I usually catch a lot of gafftop in the jetties. They're good eating, but you just have to know how to cook or fry them.


----------



## Timemachine (Nov 25, 2008)

troutless said:


> Do any of you eat the slimmer's ?


I'm a *******....of course we eat Gaftop!!


----------



## bayourat (Jan 7, 2005)

8lb gaftop would be a boat......


----------



## SaltwaterTom (Jun 23, 2013)

troutless said:


> Do any of you eat the slimmer's ?


Heck, yeah!!! Lop their heads and fins off and gut 'em as soon as you catch them and ice the carcass. Fillet, then fillet away the skin and soak the boneless skinless meat in a ziplock bag with milk for 2-3 days. The milk will turn pink as it draws the blood out. It's the best fish I have ever fried.


----------



## bigfost (Oct 11, 2004)

SaltwaterTom said:


> Fillet, then fillet away the skin and soak the boneless skinless meat in a ziplock bag with milk for 2-3 days. The milk will turn pink as it draws the blood out.


I have never understood why people eat fish you have to marinade to make edible. However, gafftops are not one of those. When you fillet them, simply cut out the prominent blood line, that's where the very strong taste is. What you have left is pure white meat.

The same is true of any fish that has a blood line in it.

One more tip for cleaning. When you get ready to clean them, spray them with the highest pressure water you can get out of your hose end sprayer. You should be able to get 90 to 100% of the slime off of them. That makes handling them while you fillet them a lot easier.

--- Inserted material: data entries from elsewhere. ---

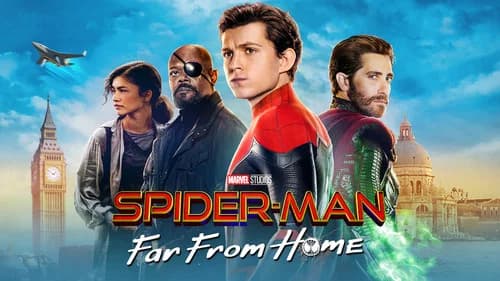 Spider-Man: Far From Home still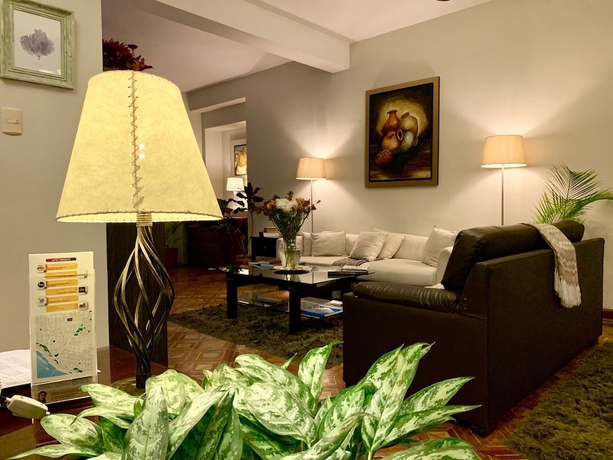 Imagen de los interiores del Boutique Casa Bella Hotel San Isidro. Foto 14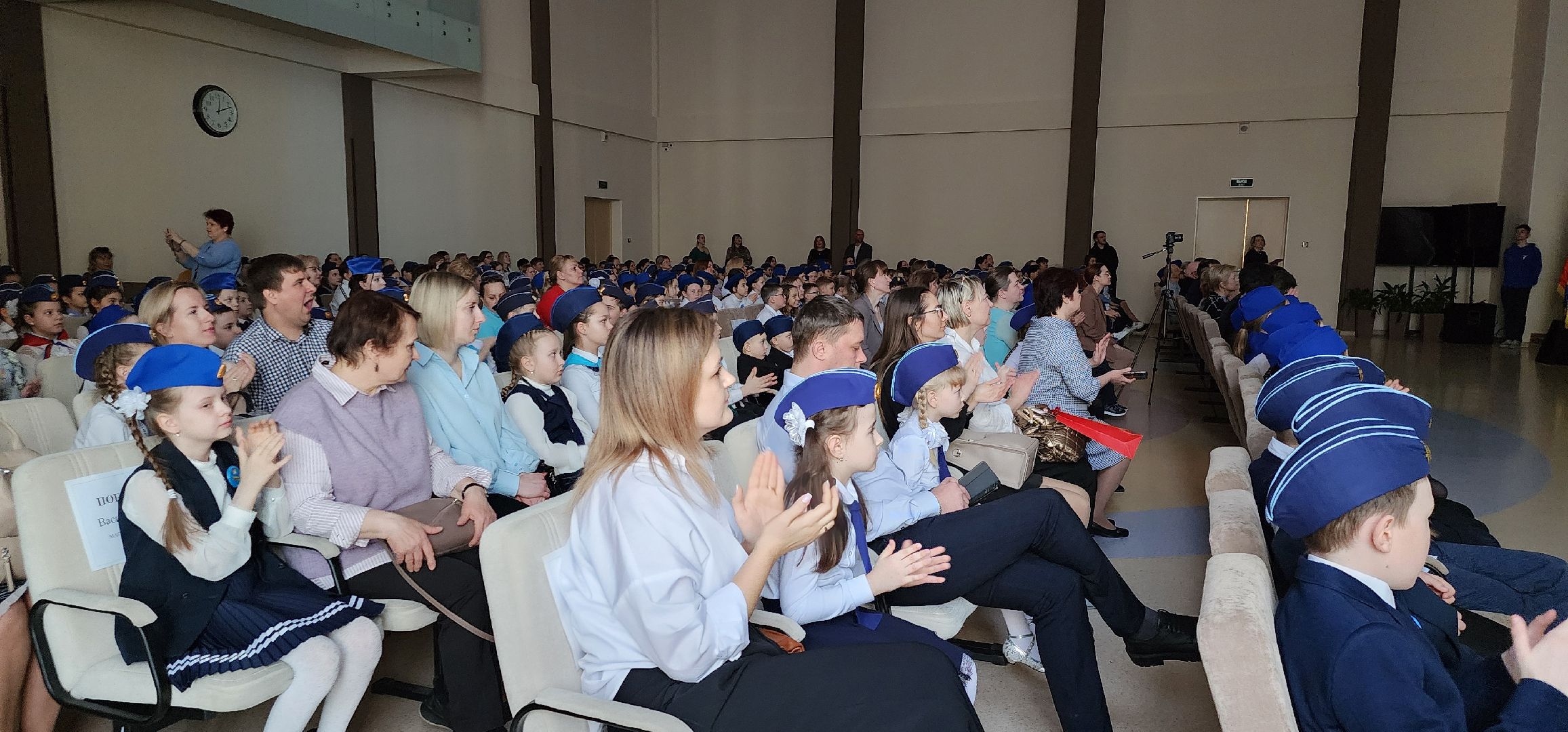 Юные Талалихинцы, школа 8, домодедово,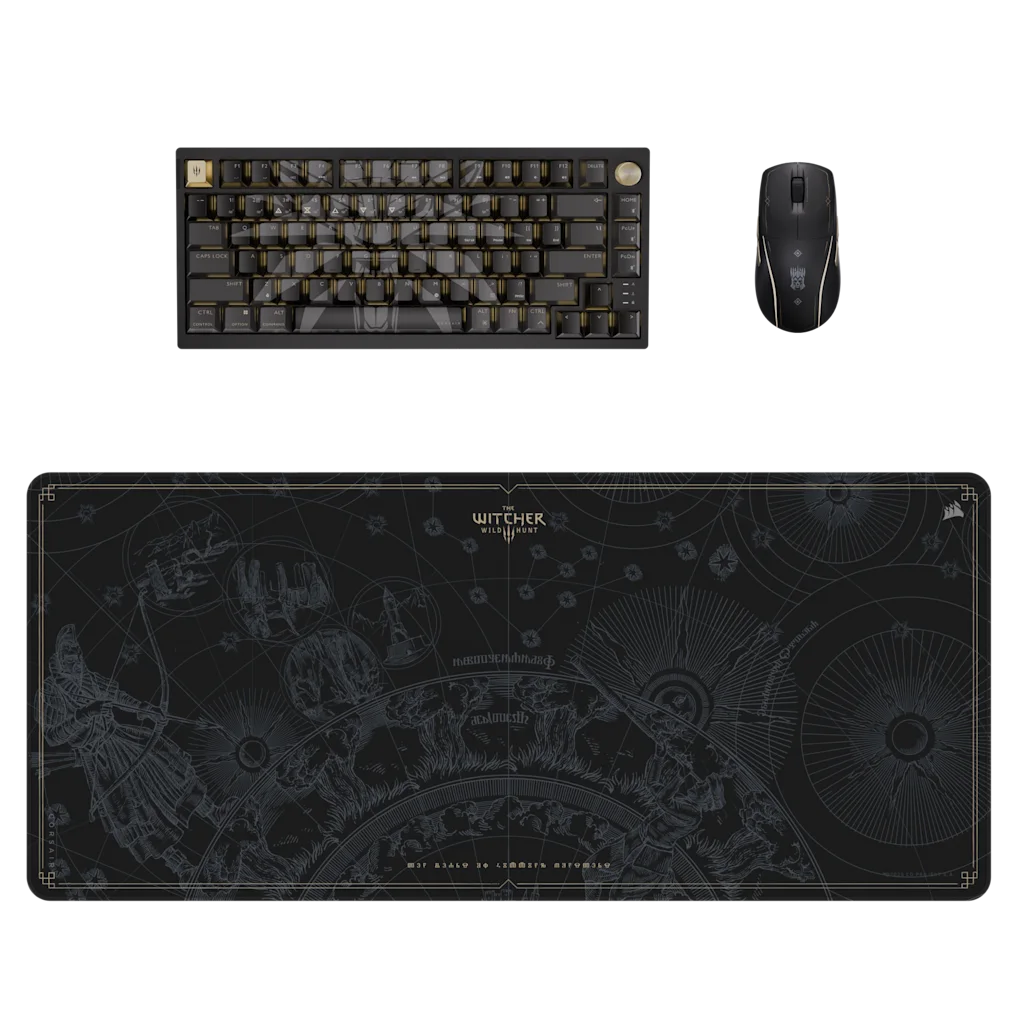 ゲーミングマウスパッド & マウスマット | CORSAIR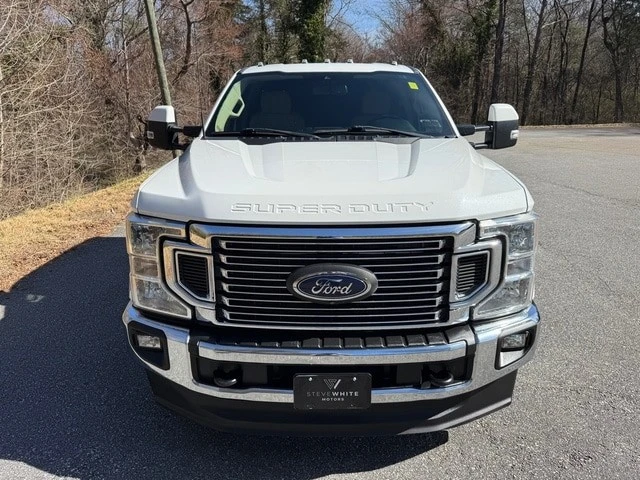 2021 Ford Super Duty 4th Gen - Image 3 of 21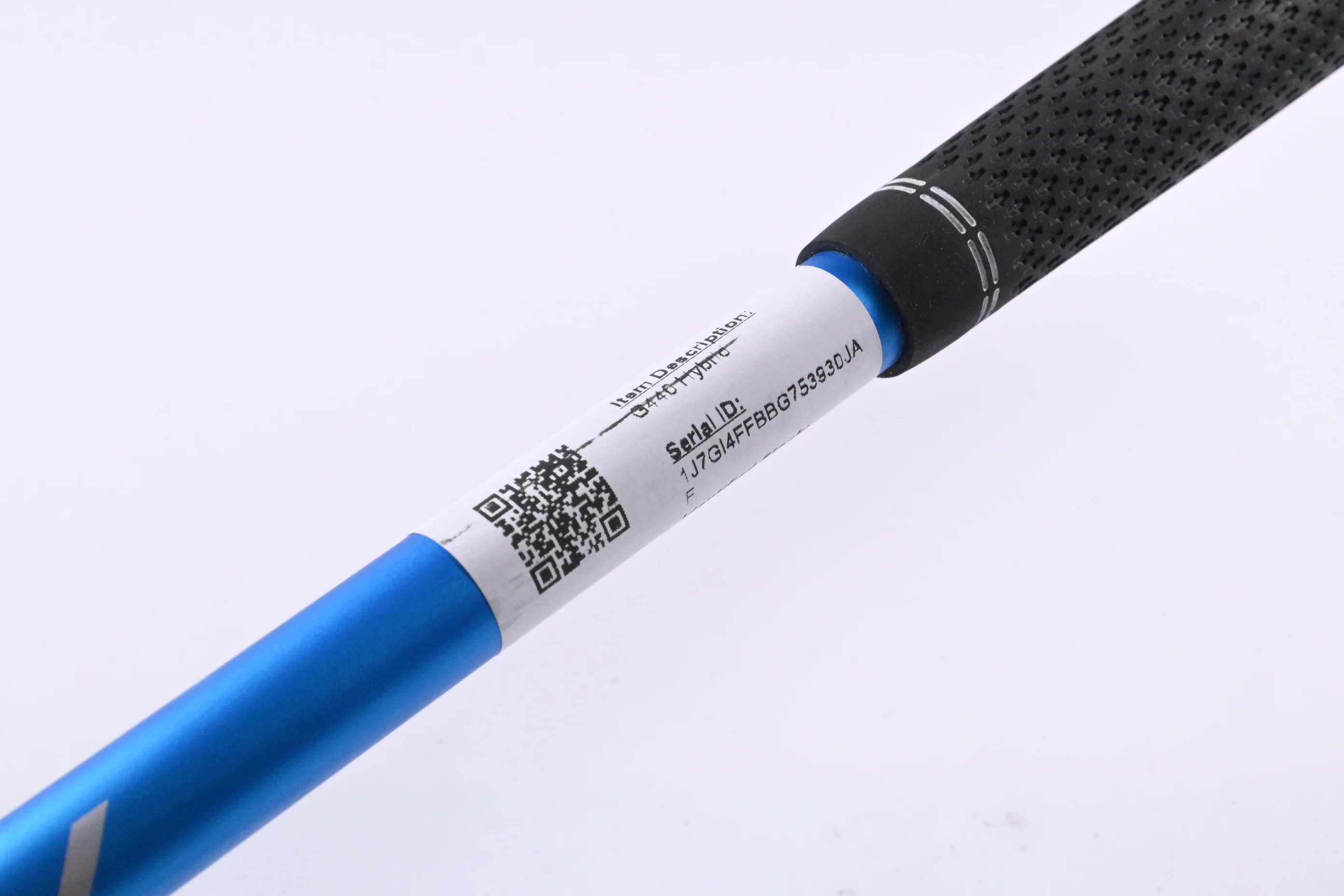 Ping G440 #3 Hybrid / 20 Degree / Stiff Flex Ping Alta CB Blue 70 Shaft - Image 7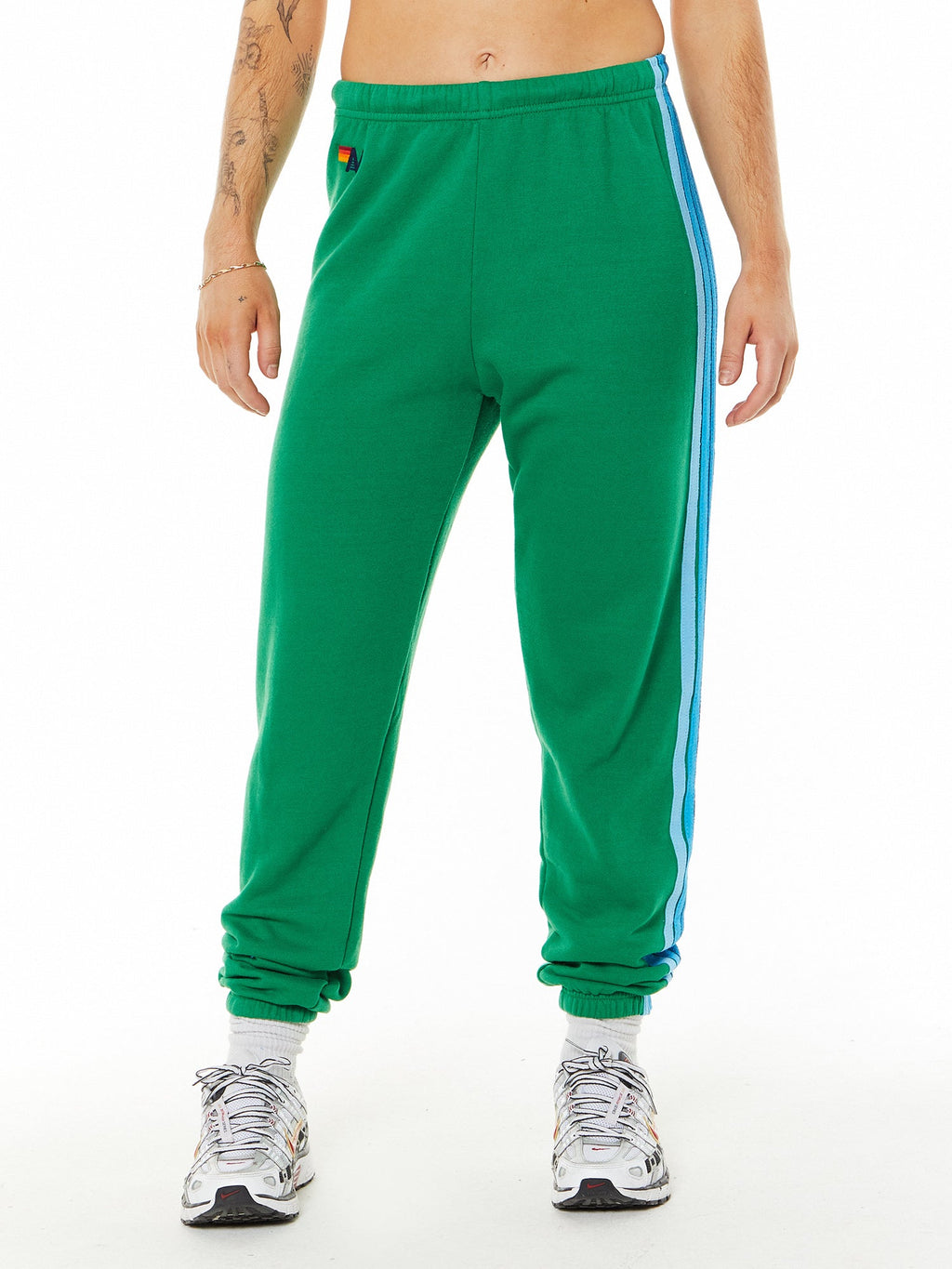 5 STRIPE SWEATPANT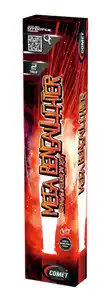 COMET Jugendfeuerwerk »Mega Bengallichter«, 2-St.-Packg.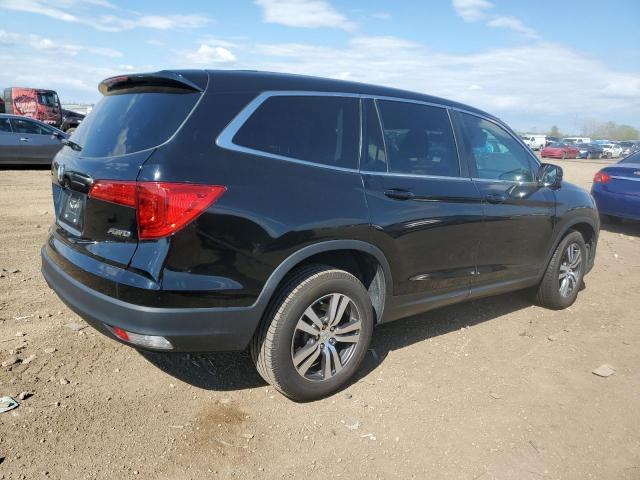Vin: 5fnyf6h59gb035197, lot: 55819245, honda pilot exl 20163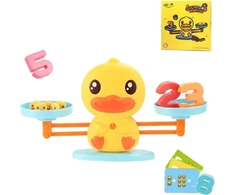 Clementoni B.Duck B Duck Counting Balance žaislas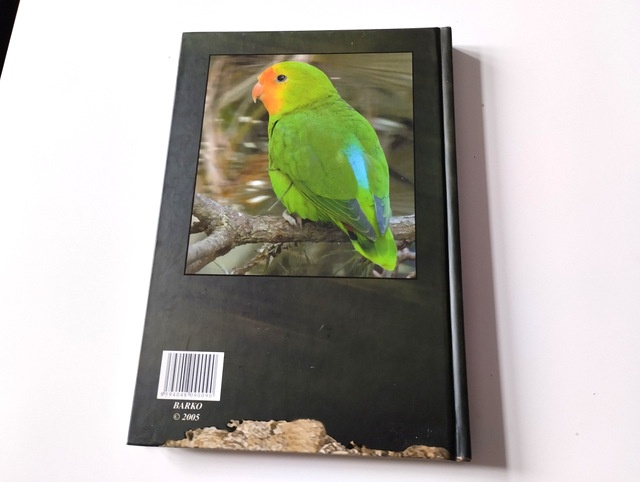 Agapornisové a jejich mutace - 2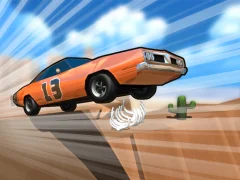 Oyunu Stunt car Racer çevrimiçi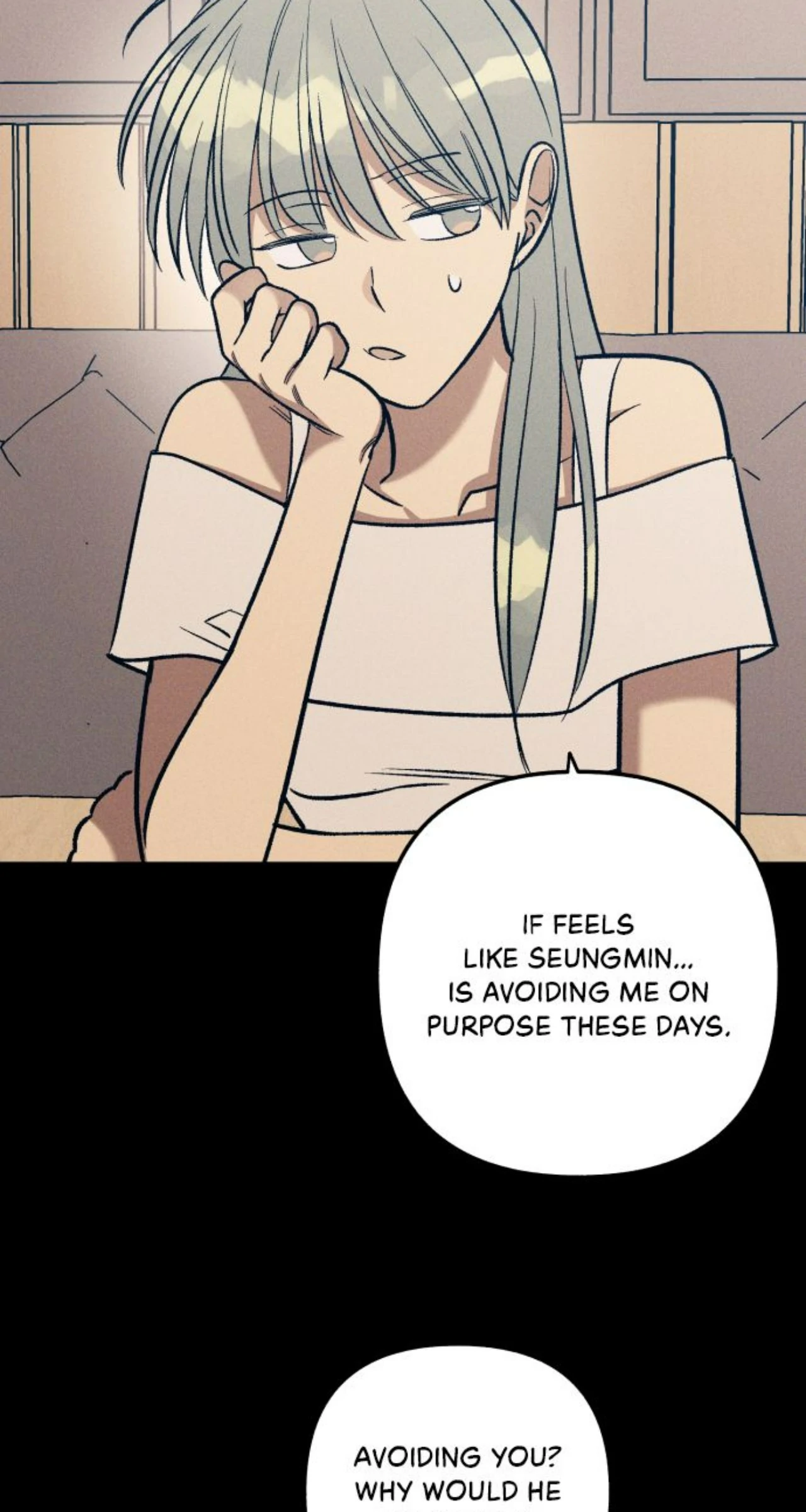 First Love, Lasting Hate chapter 97 page 23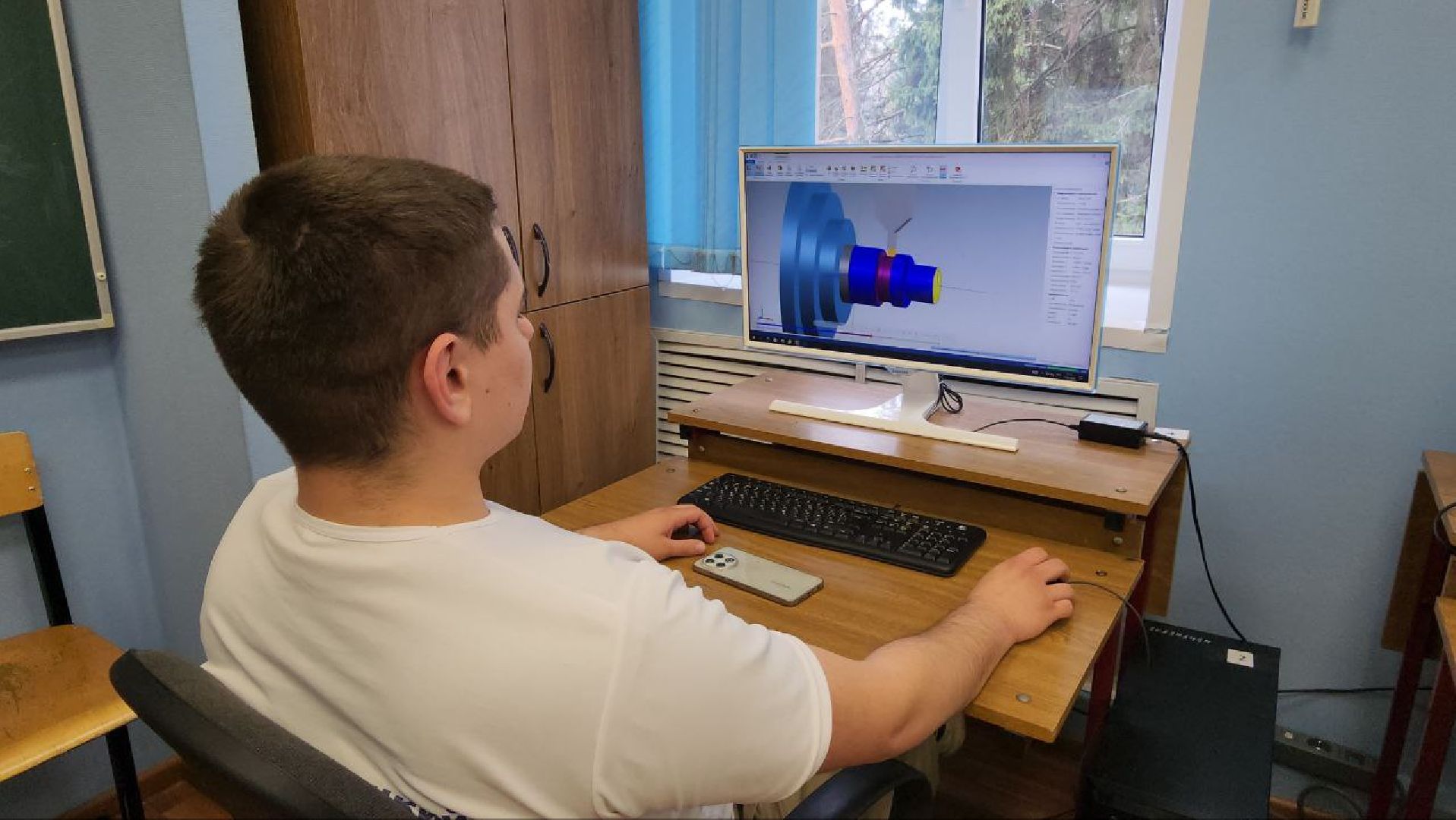 луховицы, авиационный техникум, образование, день открытых дверей,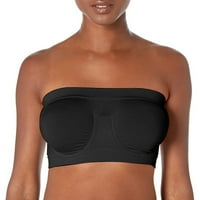 Grudnjak bez kaiševa za žene Ljetni bandeau Stretch BRA Plus size bez kaiševa, grudnjak Comfort cijev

On appropriate tackle, I've always enjoyed catching gafftops. They are very aggressive fish, and hard fighters. But, they can certainly be pests when you're targeting larger fish. On the plus side, sharks, and bull reds to a lesser extent, love a nice juicy chunk of gafftop. Try them for bait, you might be surprised with what happens.


----------



## pg542 (Oct 9, 2006)

I've never been able to understand how a 20 inch "mr. whiskers" can get slime 8feet up your leader/line. lol....You know it's happened to you too.


----------



## iwanashark (Jul 13, 2009)

Snot shark... hate them!


----------



## That Robbie Guy (Aug 11, 2009)

... sounds like a good day and a great reason to fry!


----------



## puckkeeper28 (May 7, 2012)

Same thing on the beach at SLP. tried lots of baits and just got Gafftops and 2 whiting.


----------